BEGIN Extracted material
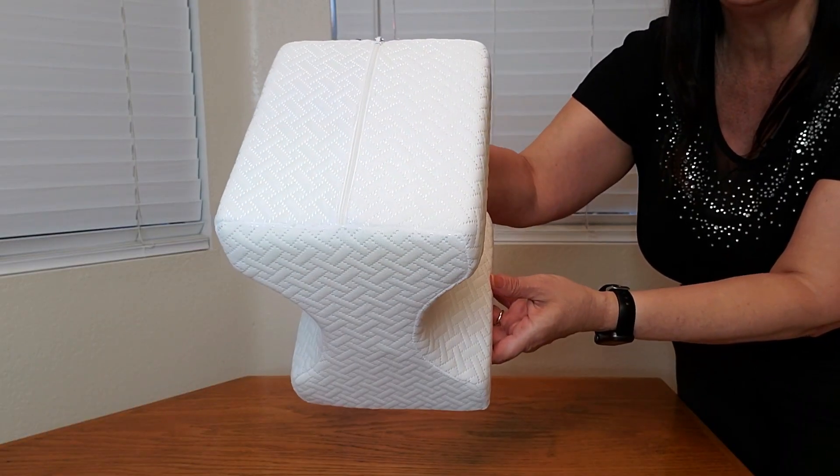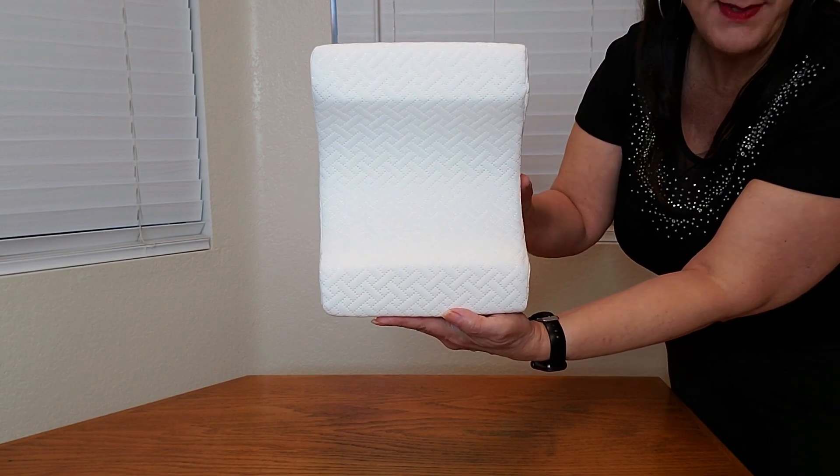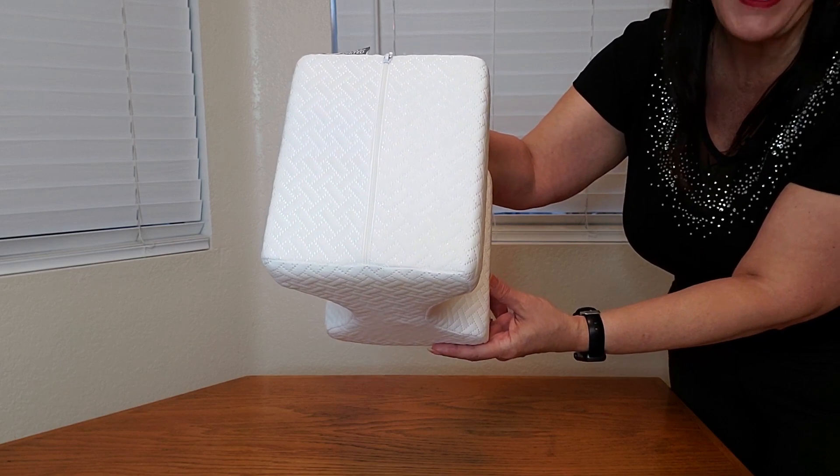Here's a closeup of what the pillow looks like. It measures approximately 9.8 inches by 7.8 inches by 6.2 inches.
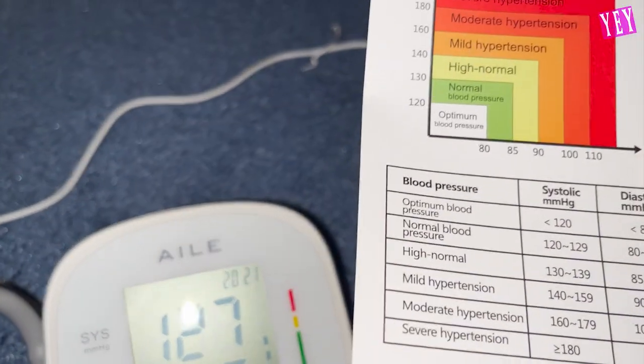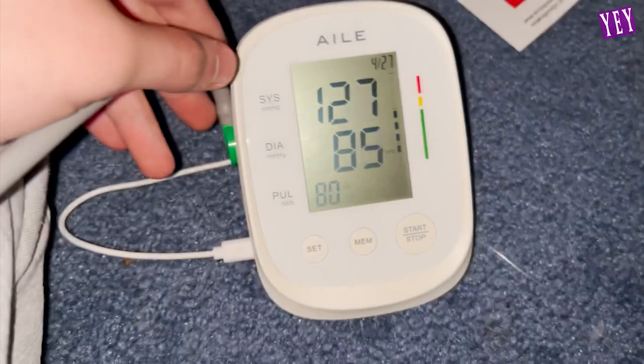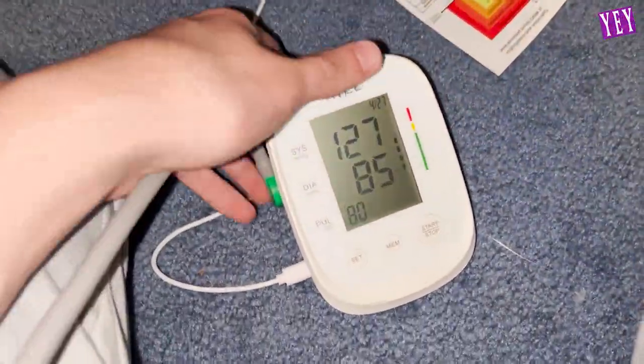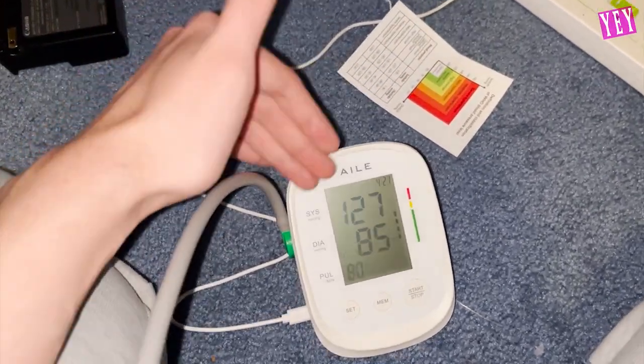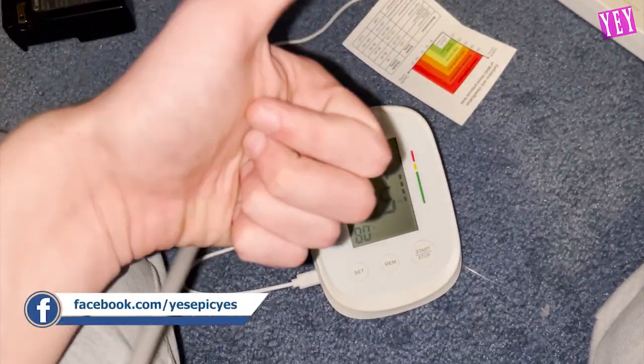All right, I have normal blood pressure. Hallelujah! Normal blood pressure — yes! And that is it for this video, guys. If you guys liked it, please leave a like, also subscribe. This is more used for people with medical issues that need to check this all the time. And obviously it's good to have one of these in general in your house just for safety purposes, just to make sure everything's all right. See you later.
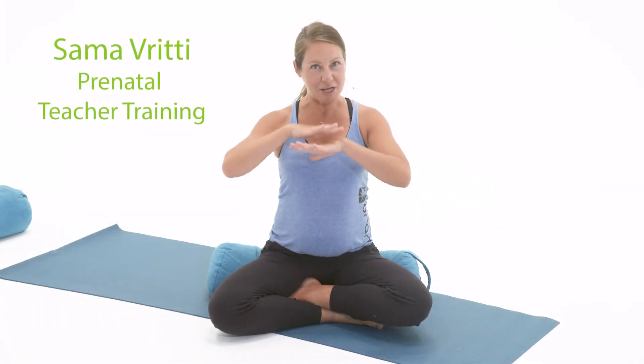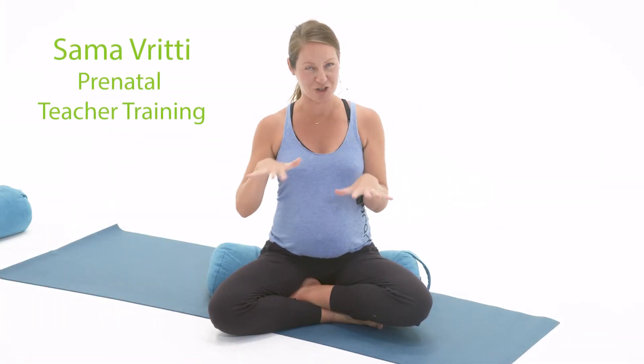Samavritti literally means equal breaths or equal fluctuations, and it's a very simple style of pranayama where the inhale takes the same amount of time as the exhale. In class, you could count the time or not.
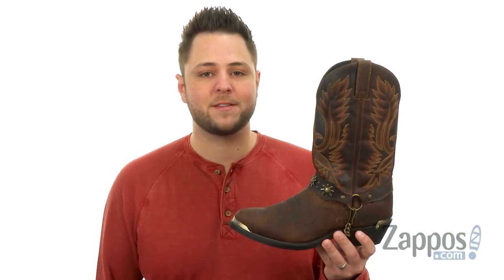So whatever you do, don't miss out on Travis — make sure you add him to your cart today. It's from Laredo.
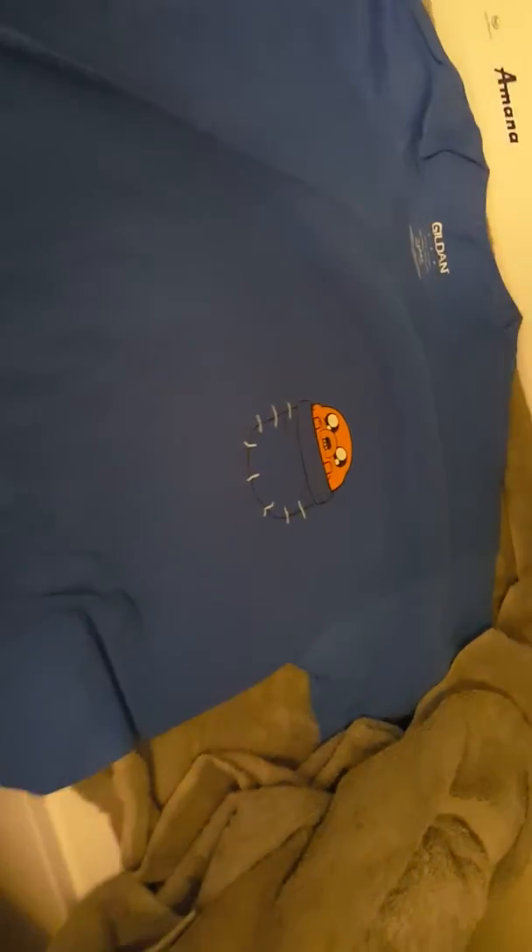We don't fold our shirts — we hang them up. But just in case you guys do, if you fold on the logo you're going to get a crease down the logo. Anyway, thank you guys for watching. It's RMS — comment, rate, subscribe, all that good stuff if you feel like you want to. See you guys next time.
END Extracted material
What you should do => The answer should consist of every line above, exact and free of images.

Response for this exercise =>
Here's a closeup of what the pillow looks like. It measures approximately 9.8 inches by 7.8 inches by 6.2 inches.
All right, I have normal blood pressure. Hallelujah! Normal blood pressure — yes! And that is it for this video, guys. If you guys liked it, please leave a like, also subscribe. This is more used for people with medical issues that need to check this all the time. And obviously it's good to have one of these in general in your house just for safety purposes, just to make sure everything's all right. See you later.
Samavritti literally means equal breaths or equal fluctuations, and it's a very simple style of pranayama where the inhale takes the same amount of time as the exhale. In class, you could count the time or not.
So whatever you do, don't miss out on Travis — make sure you add him to your cart today. It's from Laredo.
We don't fold our shirts — we hang them up. But just in case you guys do, if you fold on the logo you're going to get a crease down the logo. Anyway, thank you guys for watching. It's RMS — comment, rate, subscribe, all that good stuff if you feel like you want to. See you guys next time.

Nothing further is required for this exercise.